Son père est «convoqué à ­Phnom Penh» dans les semaines qui suivent la chute de Phnom Penh. Sa mère apprend rapidement de la bouche d’un Khmer rouge qu’il «ne reviendra pas». La famille, qui comprend Theary, un petit et trois grands frères, sa mère et sa grand-mère, part dans la province de Svay Rieng près de la frontière vietnamienne, où résident les parents du père officier disparu à Phnom Penh. «C’étaient des «gens de base», comme les Khmers rouges qualifiaient les paysans, par opposition aux «nouvelles personnes», comme nous, les gens de la ville», explique-t-elle. Initialement, l’accueil est cordial, mais rapidement «toute la mesquinerie personnelle a ressurgi, car ils regardaient la peau claire de ma mère et la mienne et pensaient que nous avions mené une vie luxueuse et que le moment était venu de prendre une revanche sur nous.»


Entre la fin de 1977 et le début de 1978, la direction khmère rouge, devenue paranoïaque par rapport aux «traîtres», ceux qu’elle accusait d’avoir «un esprit vietnamien dans un corps khmer», ordonne de vastes purges, particulièrement dans les provinces de l’est, proches du Vietnam. «Les habitants de villages entiers ont été exécutés. L’est était le centre de la cruauté», dit Theary Seng. Le chef du village agacé par ces gens de la ville réfugiés sur son territoire ordonne leur arrestation. «Au final, la situation sur le terrain dépendait des chefs de village et des chefs de district. C’est eux qui ordonnaient les exécutions», dit-elle.

Déplacée dans le centre de détention de Beng Rei, fin 1978, Theary Seng, alors âgée de 7 ans, voit un soir des gardes khmers rouges entrer dans la hutte avec des cordes humides dans les mains. «J’ai demandé à ma mère: «Pourquoi portent-ils des cordes humides?» raconte Theary Seng. «Ma mère m’a répondu: «Ma fille, retourne dormir.» Ce sont les dernières paroles que j’ai entendues d’elle.» Selon le Centre de documentation du Cambodge, environ 20 000 détenus ont été exécutés dans la prison de Beng Rei.


Après l’effondrement du régime khmer rouge en décembre 1978 et janvier 1979, la grand-mère de Theary l’emmène avec ses frères vers la frontière thaïlandaise.
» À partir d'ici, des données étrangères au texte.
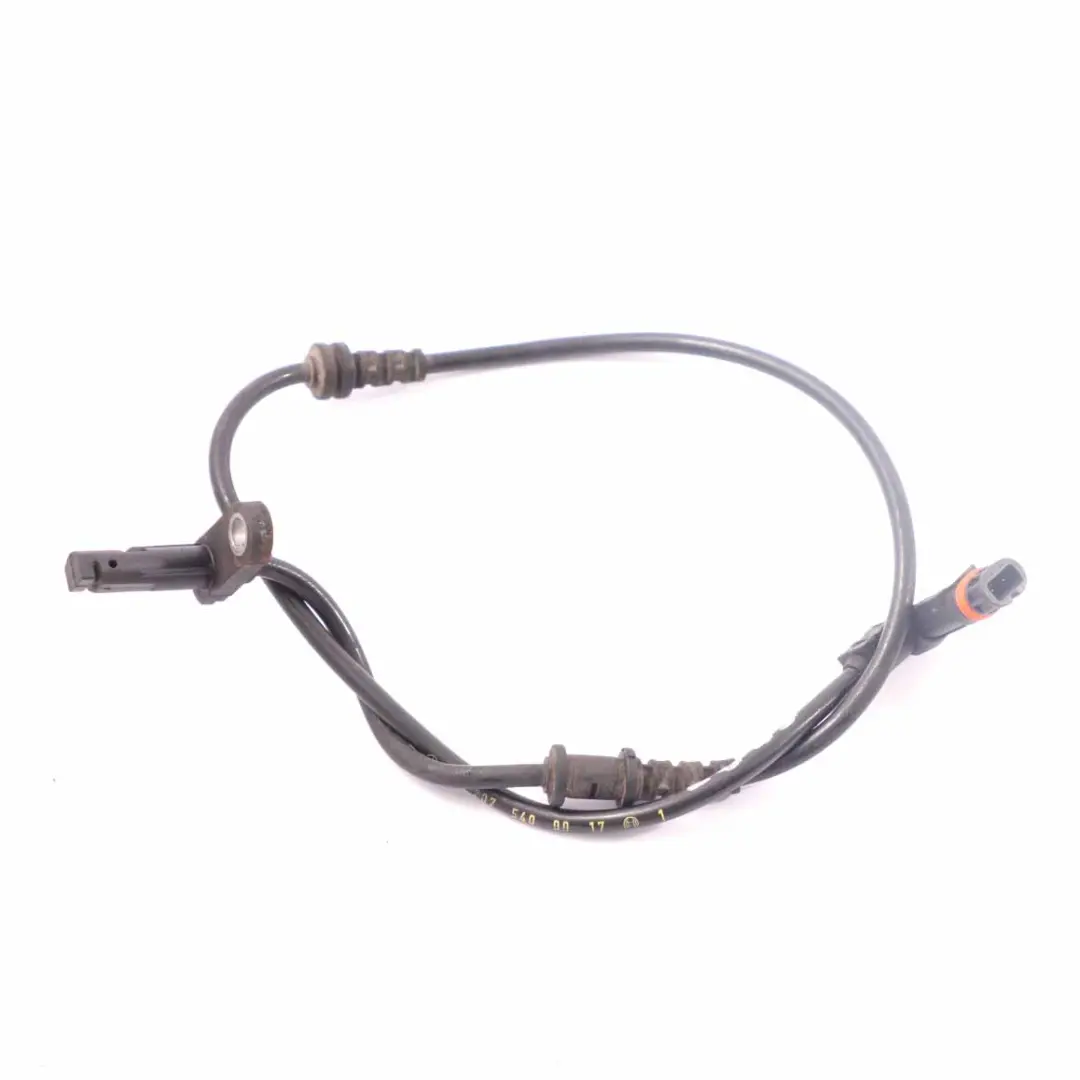  Sensor Velocidad Rueda Mercedes W207 Cableado Freno ABS Delantero - SKU A2075400017 - Número de pieza A2075400017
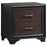 Madison Nightstand 5221-WAL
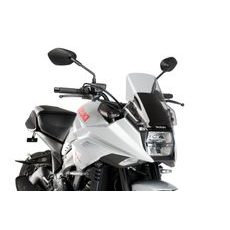 Windscreen PUIG TOURING 3637H smoke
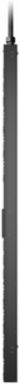 NetShelter Rack PDU Advanced, 14.4kW, 208V 50A, 42 Outlets, 0U Rack Height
Après un an dans le camp de réfugiés improvisé à Khao I Dang, ils peuvent partir aux Etats-Unis grâce au parrainage d’un oncle. C’est la découverte de la liberté, mais la vie reste dure: sans ressources, projetée dans une société très compétitive où les réfugiés sont pléthore, Theary devient une adolescente en difficulté, traumatisée par la perte de ses parents et par les souvenirs qui la hantent. Directrice de l’ONG Centre social pour le développement, Theary Seng s’efforce aujourd’hui d’aider d’autres victimes à participer de manière significative au procès, en tant que parties civiles.